У Сергея густо пробивалась седина – и в волосах, и в бороде совсем не профессорского вида, – он походил скорее на охотника, а Надька звала его ковбоем. Чуть старше пятидесяти, он по-прежнему был крепок, щеголял рельефными бицепсами и выпуклой грудью. Однако явственно чувствовался в нем какой-то надлом, накопившаяся усталость – или это была только неухоженность одинокого человека? Матери он предпочитал в глаза не смотреть, молчал, тушевался, а с отцом в первый же вечер надрался в лоскуты. Сидя на вольном воздухе у сарайчика, они признавались друг другу во взаимном уважении и расположении.

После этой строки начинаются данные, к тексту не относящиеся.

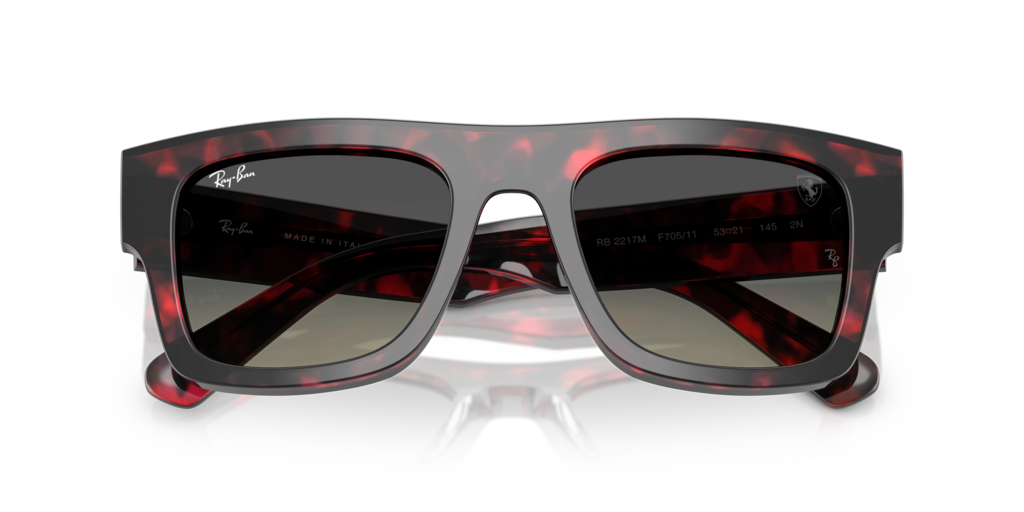 Ray-Ban RB2217M F70511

– Мать, понятное дело, все ищет виноватых. – Отец звякнул чем-то в темноте. – Все думает, не увези ты Надюху в эту свою Сибирь, ничего с ней не случилось бы… Ерунда. Смерть, она везде найдет, от нее не спрячешься. От судьбы своей, Сергуня, не уйдешь…
Я вынесла собаке миску с едой. Мэри жадно чавкала у ног, я стояла и слушала.
– Я любил ее, – сказал Сергей.
«Я ее люблю», – говорил он девять лет назад, прижимая Надьку к себе и не глядя матери в глаза. Мать причитала, ужасалась, плакала. Мать разливалась слезами, а наша старшенькая сказала вдруг глухо, ковыряя пальцем трещинку на дверном косяке:
– Все равно ведь уеду, не удержишь. Замолчи.
Мне было десять лет, я обожала Надьку и в голос заревела, хватаясь то за ее штаны, то за материну юбку. Молодые стояли в дверном проеме, Сергей прижимал ее к себе, точно пытался защитить от праведного семейного гнева. Они стояли в дверном проеме, и темный четырехугольник позади них обрамлял первый кадр из череды так и не снятых портретов этой пары, странной пары, отъединенной от всех и всего.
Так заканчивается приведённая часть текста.